Se é verdade que “um rio é como um espelho que reflete os valores de uma sociedade” , a nossa cada
vez vale menos o que bebe e come, vale talvez o que produz de dejeto, lixo e poluição... Os rios são apenas as maiores evidências da insustentabilidade do nosso modo de viver e de lidar com as águas do planeta.
Na realidade, o Projeto de Transposição do Rio São Francisco, as imensas monoculturas de eucalipto, e
agora o terrível projeto da Barragem de Belo Monte na Amazônia não são pensados para a melhoria
de vida das populações, mas projetos ardilosos para aumentar a fortuna dos mais ricos, não obstante gerarem a destruição da natureza, o desemprego, a miséria, a fome e a sede. Animam-se nos sentimentos
primitivos do “lobo” que em nós habita: avareza, egoísmo, soberba. Produzir riqueza a qualquer preço, mesmo causando prejuízo à natureza e às populações.
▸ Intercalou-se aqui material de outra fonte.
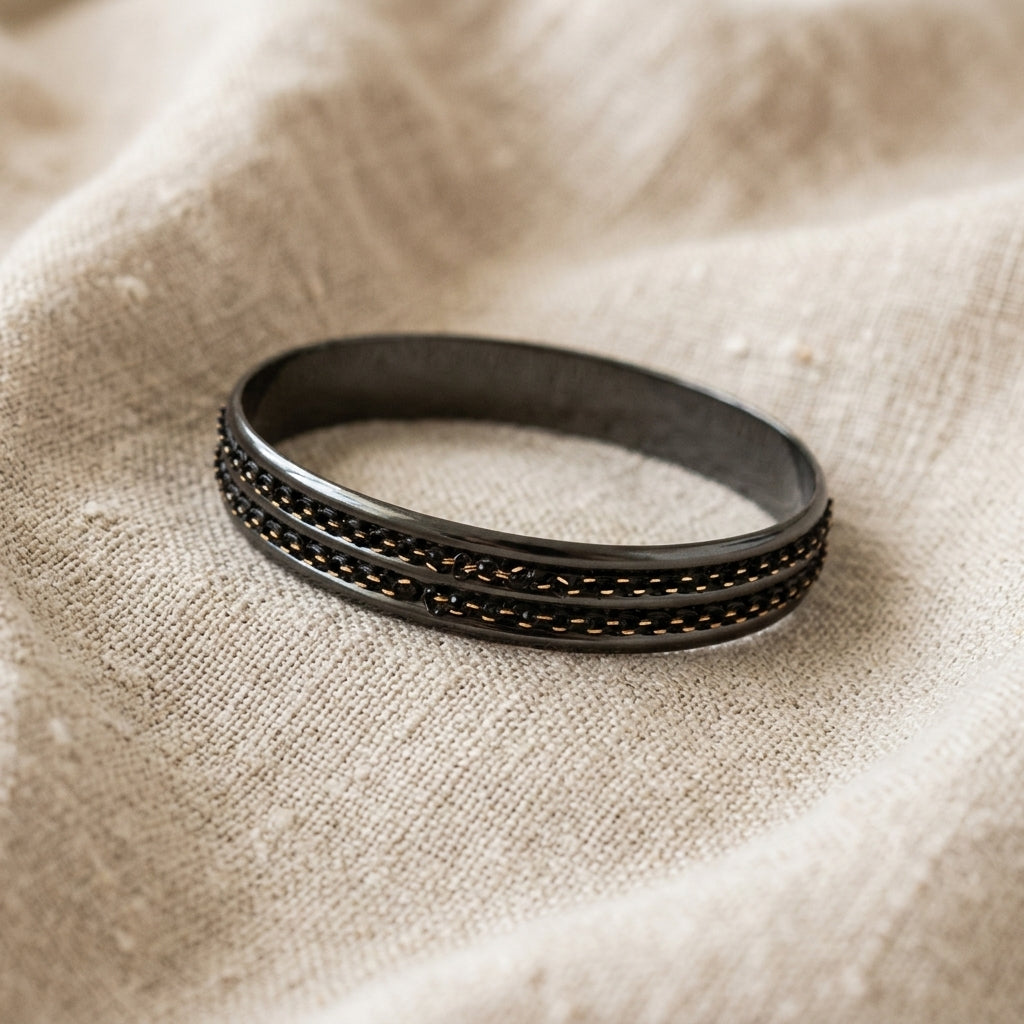 Black bracelet with gold accents on a beige fabric background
Em 1990, 20 países sofriam pela falta de água. Em 1996 já eram 26 países. As previsões dizem que em 2020 serão 41 países e em 2050 serão 2,5 bilhões de pessoas no mundo estarão privados de água. De 1500 até os nossos dias, em mais de 60 conflitos a água foi instrumento ou causa. O século XX, com a expansão do capitalismo e o desenvolvimento tecnológico foi, de longe, o mais mortífero. Vivemos um neocolonialismo e desta vez a principal riqueza a ser saqueada, ao lado da terra agrícola e dos minérios, é a
água.
Um inédito Mapa da Injustiça Ambiental e Saúde no Brasil foi recém-lançado no Brasil indica que dos 300 casos documentados, em 116 a água de alguma forma está presente. Segundo a Constituição Cidadã Brasileira de 1988, a prioridade dos investimentos públicos em projetos hídricos deve ser a dessedentação humana e animal. E os mega-projetos de Transposição do Rio São Francisco e Barragem de Belo Monte no Rio Xingu visam a segurança hídrica de projetos do agro-negócio do Nordeste e a segurança energética para grandes projetos minero-industriais na Amazônia, além de desrespeitarem territórios de povos tradicionais, indígenas, quilombolas e camponeses extrativistas.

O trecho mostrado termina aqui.